Researchers from Trend Micro say they have identified the piece of malware that appears to have been used in the recent cyberattack targeting the corporate network of Sony Pictures.
The group of hackers that targeted Sony, called GOP (Guardians of Peace), claims to have obtained terabytes of data from the company's networks, including unreleased movies, business documents and employee information.
The FBI has launched an investigation into the attack, and the agency has sent out an alert to warn organizations of a destructive piece of malware that had been utilized in an attack against a target in the U.S. The FBI memo doesn't mention Sony as the victim, but experts say the federal law enforcement agency's five-page "flash warning" describes the attack on the entertainment company.
Trend Micro detects the threat as BKDR_WIPALL. Researchers have determined that the attack starts with BKDR_WIPALL.A, which is the main installer and is disguised as an executable file named "diskpartmg16.exe."
The threat uses an encrypted set of usernames and passwords to log into the targeted organization's shared network. The goal is to grant full access to everyone that accesses the system root, researchers explained in a blog post.
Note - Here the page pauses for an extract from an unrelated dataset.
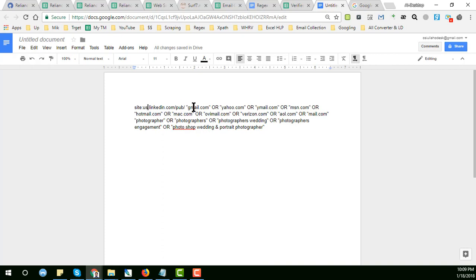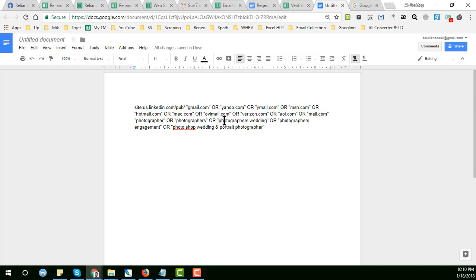Then as we want to get data, Gmail, so Gmail or Yahoo mail or Y mail or MSN or other options here. And here are the target keywords which targeted public you want to get data from LinkedIn. This is the photographer. You can increase something by writing here or something, or you can decrease or you can delete something.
BKDR_WIPALL.A drops BKDR_WIPALL.B (disguised as a file named "igfxtrayex.exe"), which is the piece of malware responsible for causing damage. Once it's dropped, BKDR_WIPALL.B sleeps for 10 minutes, after which it starts deleting files and stops the Microsoft Exchange Information Store service. The threat then sleeps for two hours and forces a system reboot.
According to researchers, BKDR_WIPALL.B also executes copies of itself with various parameters to carry out tasks such as deleting files stored on fixed and remote drives, and dropping additional components, including "usbdrv32.sys," which gives attackers read/write access to installed files.
Trend Micro made the connection between BKDR_WIPALL and the Sony Pictures attack after discovering a different variant, detected as BKDR_WIPALL.D, that is designed to drop BKDR_WIPALL.C. In turn, BKDR_WIPALL.C drops an image file called "walls.bmp," which is the exact "Hacked by GOP" picture that was seen by Sony employees just before the company's corporate network was shut down due to the attack.
Reports surfaced last week about a possible involvement of North Korea in the operation against Sony. The attack was believed to be in response to "The Interview," a comedy about an attempt to assassinate North Korean leader Kim Jong-Un. North Korean officials denied that the country had anything to do with the hack and Sony representatives said the reports were "not accurate."
On Wednesday, Sony said the "brazen" cyberattack netted a "large amount" of confidential information, including movies as well as personnel and business files.
The investigation into the attack is ongoing, and while Sony has not provided many details so far, the company has hired FireEye-owned Mandiant to help with the forensics aspect of the investigation.